DALLAS, Texas — There is a history of cheating on the annual standardized tests in Texas and it’s not the students. It’s the teachers, and these classroom scandals have rocked the state. These days, that test is the State of Texas Assessments of Academic Readiness (STAAR) and recent incidences of teacher cheating are already bubbling up at the start of the 2014-15 school year.
While Dallas ISD has been lauding its progress on high school graduation rates, its superintendent, Mike Miles, has been warning teachers not to cheat on this year’s STAAR. Miles issued a stern warning to teachers in an open letter that followed their recent high-stakes testing scandal. Cheaters are being told they will be caught, according to the Dallas Morning News.
An internal district investigative examination of previous school TAKS scores that netted below average results, unfortunately indicative of demographics and associated achievement gaps, was followed by stellar first year STAAR results in 2012-13. Then came the nose dive of 2013-14. The peculiar inconsistencies raised suspicions at Umphrey Lee Elementary School. It all ended in teacher resignations and testing violations. Three additional schools and three teachers were implicated with in separate testing irregularities in May. Two of those teachers are no longer with Dallas ISD.
In his letter, Miles reminded faculty about the decade old monitoring system that the district uses to detect inconsistencies that may signal test cheating.

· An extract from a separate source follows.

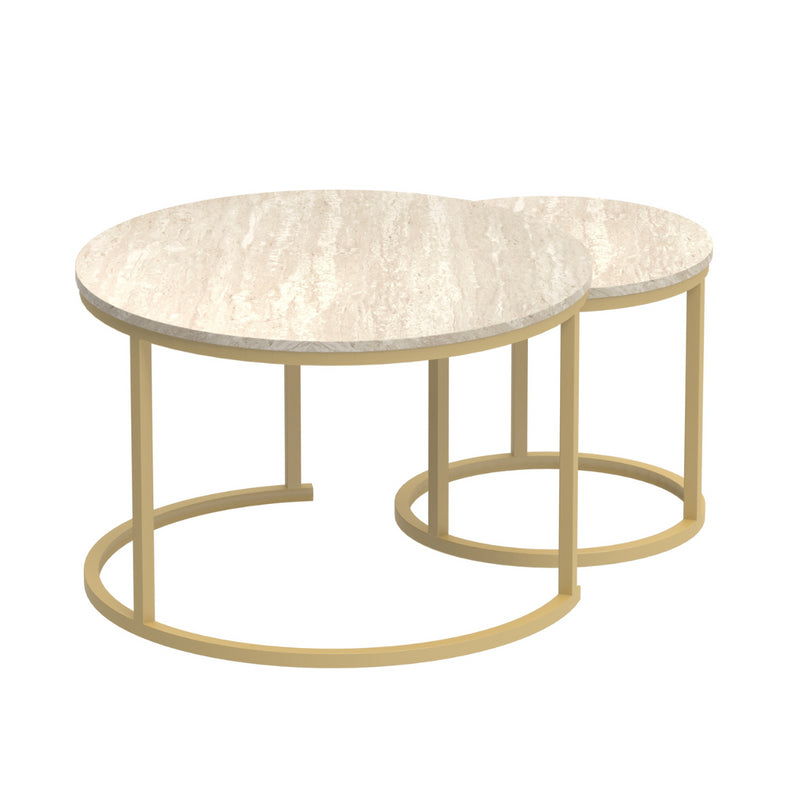 Table Basse Salon Lenny - Travertin/ Or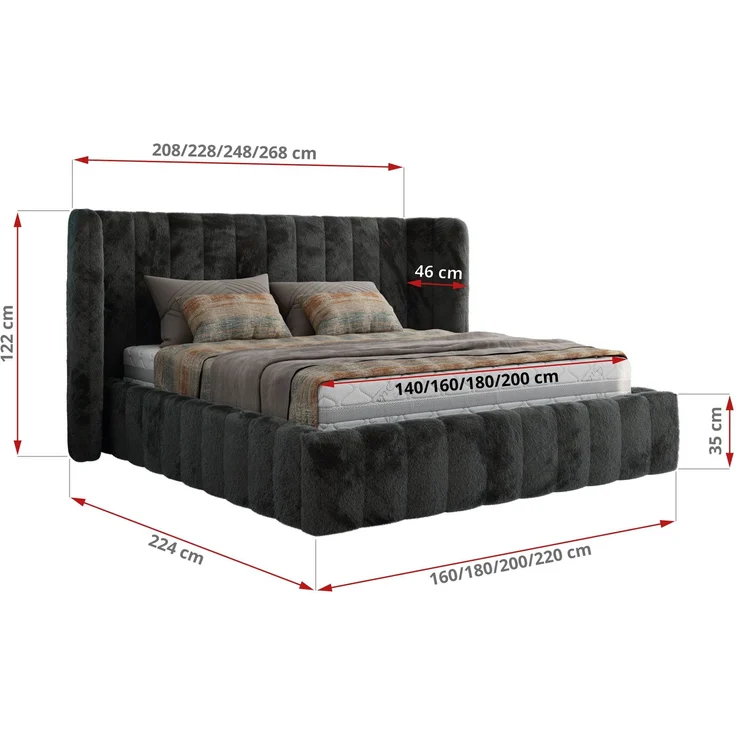 Polsterbett GOLETTA CLASSIC 180 x 200 cm mit gepolstertem Kopfteil, stabilem Bettrahmen, Lattenrost und Bettkasten mit Gasdruckfedern, Doppelbett, zeitloses Design - Dunkelgrau Plüsch – Bild 6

“While it causes great concern anytime a district employee intentionally acts in a way that is incongruent with the standards of a professional educator, we also know that such behavior is far from the norm and does not reflect the high degree of integrity with which the vast majority of you conduct yourselves,” he said in the letter obtained by the Dallas Morning News.
Meanwhile in Houston ISD, four of five teachers accused in a STAAR cheating scandal between Jefferson and Atherton Elementary schools agreed to resign in a deal that was struck involving a year’s salary, the Houston Chronicle reported.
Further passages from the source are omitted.